A new kind of store has popped up in Regina’s atmosphere, one that displays the struggles genderqueer and non-binary people face when they shop.
Un/Tied Shoes is an online shoe store, with each pair telling a story about what it’s like to be non-binary in a gender-specific world.
Evie Ruddy, a Regina-based artist, launched the site and each story is told by them, a non-binary person.
“It’s emulating my experience while also trying to challenge the gender binary.”
The online experience begins on the site’s landing page where people must choose either ‘man or woman’, a common choice people face when choosing clothing, but for a non-binary person, those two stark choices may not present an option for them.
“It makes people think, ‘what if I didn’t identify as male or female but I’m presented with these two categories right away?’ You have to click on one to enter into the store, yet you don’t identify as either,” Ruddy said.
Visitors are then taken to a page with many shoe options, each one holding a story from Ruddy’s life.
Evie’s story begins with children’s shoes called “the Johnny”, explaining how Evie was supposed to be born a boy, and was born a girl. The story then takes readers to Evie’s teenage years packaged as shoes called “the idol.” A punk rock style that encompassed a time where Evie didn’t have a crush on Corey Hart, but wanted to be him.
The site not only features a story, and items that tell it, but it surfaces other struggles non-binary people may face like what Ruddy calls a “genderqueer tax,” which customers of the site are given when they check out.
“It explains that this is an extra fee that I sometimes have to pay, because I’ll buy shirts that don’t fit me and then I’ll have to tailor them to fit.”
The tax sheds light on a bigger trend in fashion and societal gender norms. Men’s clothing is often found in bigger sizes, while women’s clothing is made to fit smaller statured people.
“I face challenges being a small person who is interested in wearing men’s clothing,” Ruddy explained. “Because of the gender binary and because of the assumptions that the fashion industry has about what a man is and what a woman is.”
Ruddy said the store is an invitation to the fashion industry, to think about people who don’t fit the norm and here in Regina, a store called Norwood shares the sentiment, by including a clothing line called Peau de Loup.
It’s an ethical, Vancouver-based clothing company that offers masculine-styled shirts in sizes for smaller people, or those born assigned to female.
“Finding gender-affirming clothing is really important for people when it comes to expressing who they are and moving about in the world in a way that makes them feel confident and authentic,” Peau de Loup spokesperson Malloreigh Hamilton said.
“We’ve tried to create a product that helps people show who they are on the inside, on the outside.”
Hamilton noted the negative impacts that not being able to fully express who you are, can have on a person.

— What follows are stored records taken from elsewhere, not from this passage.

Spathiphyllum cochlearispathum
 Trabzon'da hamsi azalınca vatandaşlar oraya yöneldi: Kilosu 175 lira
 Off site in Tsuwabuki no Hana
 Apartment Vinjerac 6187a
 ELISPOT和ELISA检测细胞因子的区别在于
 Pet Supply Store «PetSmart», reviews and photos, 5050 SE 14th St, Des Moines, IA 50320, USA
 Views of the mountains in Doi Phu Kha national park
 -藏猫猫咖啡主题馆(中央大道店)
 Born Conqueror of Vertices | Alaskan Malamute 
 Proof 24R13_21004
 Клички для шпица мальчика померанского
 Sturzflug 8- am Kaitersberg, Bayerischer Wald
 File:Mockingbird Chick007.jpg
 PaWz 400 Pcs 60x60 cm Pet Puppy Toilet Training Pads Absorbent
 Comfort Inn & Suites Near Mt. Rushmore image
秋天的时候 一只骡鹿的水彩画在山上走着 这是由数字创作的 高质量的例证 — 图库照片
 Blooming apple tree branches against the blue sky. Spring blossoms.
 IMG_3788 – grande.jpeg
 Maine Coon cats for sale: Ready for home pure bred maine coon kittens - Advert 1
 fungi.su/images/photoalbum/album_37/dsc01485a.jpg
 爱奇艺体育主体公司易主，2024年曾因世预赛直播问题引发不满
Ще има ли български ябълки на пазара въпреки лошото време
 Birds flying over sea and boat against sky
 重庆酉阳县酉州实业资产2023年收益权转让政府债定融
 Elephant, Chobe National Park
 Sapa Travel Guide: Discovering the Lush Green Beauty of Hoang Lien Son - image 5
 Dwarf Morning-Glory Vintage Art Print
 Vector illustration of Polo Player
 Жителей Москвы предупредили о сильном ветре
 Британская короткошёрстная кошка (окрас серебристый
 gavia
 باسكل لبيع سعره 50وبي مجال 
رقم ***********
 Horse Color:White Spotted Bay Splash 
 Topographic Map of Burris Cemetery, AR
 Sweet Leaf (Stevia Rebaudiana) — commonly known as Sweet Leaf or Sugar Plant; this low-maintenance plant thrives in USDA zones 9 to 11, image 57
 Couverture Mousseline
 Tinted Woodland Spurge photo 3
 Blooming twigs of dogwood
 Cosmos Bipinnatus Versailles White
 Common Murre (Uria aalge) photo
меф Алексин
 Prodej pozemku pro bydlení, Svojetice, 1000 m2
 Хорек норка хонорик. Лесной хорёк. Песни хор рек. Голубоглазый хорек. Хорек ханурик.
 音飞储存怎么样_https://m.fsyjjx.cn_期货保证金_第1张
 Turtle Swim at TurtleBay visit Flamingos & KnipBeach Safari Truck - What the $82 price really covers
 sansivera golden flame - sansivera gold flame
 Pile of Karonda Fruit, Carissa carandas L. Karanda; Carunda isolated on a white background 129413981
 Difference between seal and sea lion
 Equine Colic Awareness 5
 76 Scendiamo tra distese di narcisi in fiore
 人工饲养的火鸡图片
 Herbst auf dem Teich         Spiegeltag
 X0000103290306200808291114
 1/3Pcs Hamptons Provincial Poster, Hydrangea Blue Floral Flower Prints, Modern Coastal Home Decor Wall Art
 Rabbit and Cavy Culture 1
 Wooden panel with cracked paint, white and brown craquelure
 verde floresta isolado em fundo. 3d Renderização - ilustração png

“Many of us, especially tomboys, are in this trap where we’ve been navigating the world our whole lives just never feeling like we look like how we want to look, and we don’t feel right in our bodies.”
“Smaller cities or smaller towns are really the hardest place to be a non-binary or gender non-conforming or queer person, because you don’t see a lot of representation in your daily life.”
Ruddy said they hope the site is a call to action for the industry to get away from the confines of two genders.
“I hope that clothing stores and the fashion industry start to think about why it is that they market their clothes to men and women and why they make clothing in limited sizes for men and for women.
“I invite them to think about making these styles of clothes for all sizes and all shapes of people.”
The store launched on June 5.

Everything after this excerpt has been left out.